Many powerful men have been credibly accused of sexual harassment and assault in recent years, and few have issued frank or compassionate statements addressing such accusations. And yet, in responding to the 16th allegation of sexual assault or misconduct that’s so far been leveled against him, President Trump mustered a statement that's worse than most. After longtime Elle columnist E. Jean Carroll accused him in her upcoming memoir of raping her at a New York department store more than two decades ago, Trump responded Friday by accusing the writer of fabricating her account and implying that she may be working with Democrats to undermine him.

"Regarding the 'story' by E. Jean Carroll, claiming she once encountered me at Bergdorf Goodman 23 years ago," read the president’s statement, "I’ve never met this person in my life. She is trying to sell a new book-that should indicate her motivation. It should be sold in the fiction section."

Though Trump claimed never to have met Carroll, her account of the rape, as excerpted in New York Magazine, includes a photo of the two together.

"If anyone has information that the Democratic Party is working with Ms. Carroll or New York Magazine," the president concluded, "please notify us as soon as possible. The world should know what’s really going on. It is a disgrace and people should pay dearly for such false accusations."

In her account, Carroll described bumping into Trump at Bergdorf Goodman in the mid-1990s, when both were in their fifties. She alleges that he asked her help in selecting a gift for a woman, and that, after demanding to see her try on lingerie, he raped her in a dressing room:

The moment the dressing-room door is closed, he lunges at me, pushes me against the wall, hitting my head quite badly, and puts his mouth against my lips. I am so shocked I shove him back and start laughing again. He seizes both my arms and pushes me up against the wall a second time, and, as I become aware of how large he is, he holds me against the wall with his shoulder and jams his hand under my coat dress and pulls down my tights.

I am astonished by what I’m about to write: I keep laughing. The next moment, still wearing correct business attire, shirt, tie, suit jacket, overcoat, he opens the overcoat, unzips his pants, and, forcing his fingers around my private area, thrusts his penis halfway - or completely, I’m not certain - inside me. It turns into a colossal struggle. I am wearing a pair of sturdy black patent-leather four-inch Barneys high heels, which puts my height around six-one, and I try to stomp his foot. I try to push him off with my one free hand - for some reason, I keep holding my purse with the other - and I finally get a knee up high enough to push him out and off and I turn, open the door, and run out of the dressing room.

Photo credit: The Washington Post - Getty Images
Photo credit: The Washington Post - Getty Images

Though she didn’t make a report to authorities, Carroll says recounted the incident to two friends shortly after.
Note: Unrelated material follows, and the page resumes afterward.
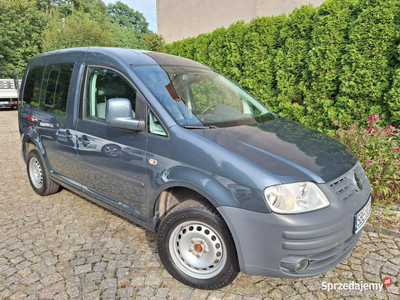 Volkswagen Caddy wersja Life Gewinner- super zadbany III (2004-)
The New York Times spoke to both of them, and they confirmed that Carroll told them of the alleged rape at the time.

More than a dozen other women have leveled accusations of sexual misconduct against Trump, with many alleging that the future president groped or forcibly kissed them. The president himself has admitted to sexually assaulting women, and was infamously caught saying on tape that he has grabbed women "by the pussy," and that "when you're a star they let you do it."

Carroll’s article recounts six incidents of sexual assault that span the course of her life, ranging from early childhood to her alleged rape by Trump. In the piece she also accuses former CBS CEO Les Moonves of groping her in an elevator. (Carroll is the 14th woman to publicly accuse Moonves of sexual harassment.) The stories are told with a dark wit, and Carroll doesn't linger on details of the emotional fallout. Still, her article suggests that the effects may have been profound: She writes that since the alleged rape by Trump she has never had sex again.

In her article, Carroll addressed the question of why she chose to stay silent for 23 years. “I am a coward,” she wrote. But she also noted what the public has had in store for other women who have accused Trump. Contributing to her years-long silence, she said, is that “receiving death threats, being driven from my home, being dismissed, being dragged through the mud, and joining the 15 women who’ve come forward with credible stories about how the man grabbed, badgered, belittled, mauled, molested, and assaulted them, only to see the man turn it around, deny, threaten, and attack them, never sounded like much fun."